The results of previous analyses of retroviral nucleotide sequences (I. Laprevotte et al. 2001) suggest a major duplication/deletion evolutionary role of the reverse transcriptase. This explained that the relevance of a multiple alignment of LTR nucleotide sequences was difficult to estimate with the four-letter alphabet of DNA. This led to use "local decoding of order N" of sequences that consists in rewriting a set of observed biological sequences using a larger alphabet accounting for the neighborhood of each letter in the sequences (the integer N is the only required parameter).
        The renamed letters conserved between aligned sequences tend to cluster into homology blocks, so that we describe a rapid and interactive method to produce trees from sets of HIV/SIV nucleotide sequences: the pairwise comparisons of sequence compositions in encoded letters produce distance matrices that make it possible to compute trees without the preliminary step of aligning the nucleotide sequences.

        We present here the prototype program that has been used in the present work. A revised and documented version of this program is to be published. Here are also included the sequence files (in FASTA format) that have been used to compute the trees displayed in Figures 2 and 3 and other trees mentionned in the text.

SEQUENCES DATA and TREES (here are the sequences data files used in the article. You can download them to rerun the program below and to see the results mentioned in the paper.)

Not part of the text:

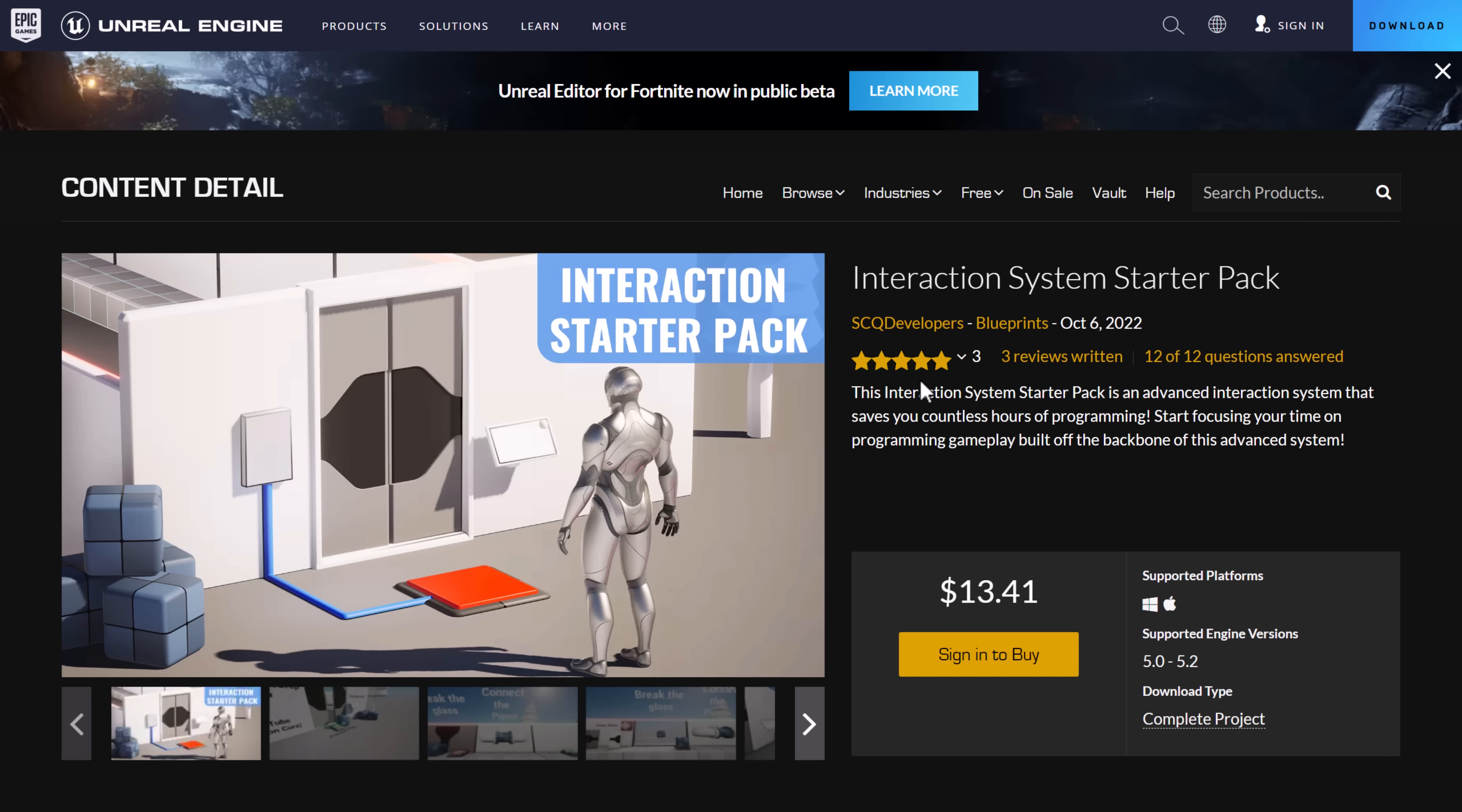Check out before the first Tuesday of next month, and these are yours to keep free forever. So let me know what you think of this month's free content. And, yeah, that's it. I will talk to you all later. Goodbye.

Comp_2000 : 46 HIV/SIV complete nucleotide sequences compiled in the Los Alamos Compendium 2000. The NJ tree computed with N=13 is shown in Comp2000_13_tree.ps or Comp2000_13_tree.pdf.
hiv.fsa : 70 HIV/SIV nucleotide sequences (66 complete). The NJ tree computed with N=15 is shown in paper Figure 2.
gag.fsa : 70 HIV/SIV gag nucleotide sequences (66 complete). The NJ tree computed with N=18 is shown in gag18_tree.ps or gag18_tree.pdf.
pol.fsa : 66 HIV/SIV pol nucleotide sequences. The NJ tree computed with N=22 is shown in pol22_tree.ps or pol22_tree.pdf.
env.fsa : 66 HIV/SIV env nucleotide sequences. The NJ tree computed with N=15 is shown in env15_tree.ps or env15_tree.pdf.
nef.fsa : 66 HIV/SIV nef nucleotide sequences. The NJ tree computed with N=13 is shown in nef13_tree.ps or nef13_tree.pdf.
hivltr.fsa : 43 HIV/SIV non-coding parts of LTR nucleotide sequences. The NJ tree computed with N=11 is shown in paper Figure 3.
 
 

PROTOTYPE PROGRAM

install.exe : self extracting application for Windows (SCeNE has to be installed on the disk C:\)

Installation steps :
1 - Save install.exe on C:\ (this program is a prototype and the location of the self-extracting archive in C:\ is imperative)
2 - Click on install.exe (caution : do not change the default directory). The self extracting file create a directory SCeNE on the root C:\ .
Execution steps :
1 - Click on SCeNE.exe in the directory C:\SCeNE
2 - In the window "Load Sequences" select the sequence file with the Browser and press the button "Load Sequences".
3 - In the window "Compute N-ecriture" select the N-block presentation rank in the text field "Level" and press the button "Compute". Wait for the next window.
4 - Select the phylogeny window. Select "score based on sequences" (which corresponds to the
calculation method used in the associated paper).  Press the button "GO".
5 - Wait few seconds and press NJPlot to display the tree.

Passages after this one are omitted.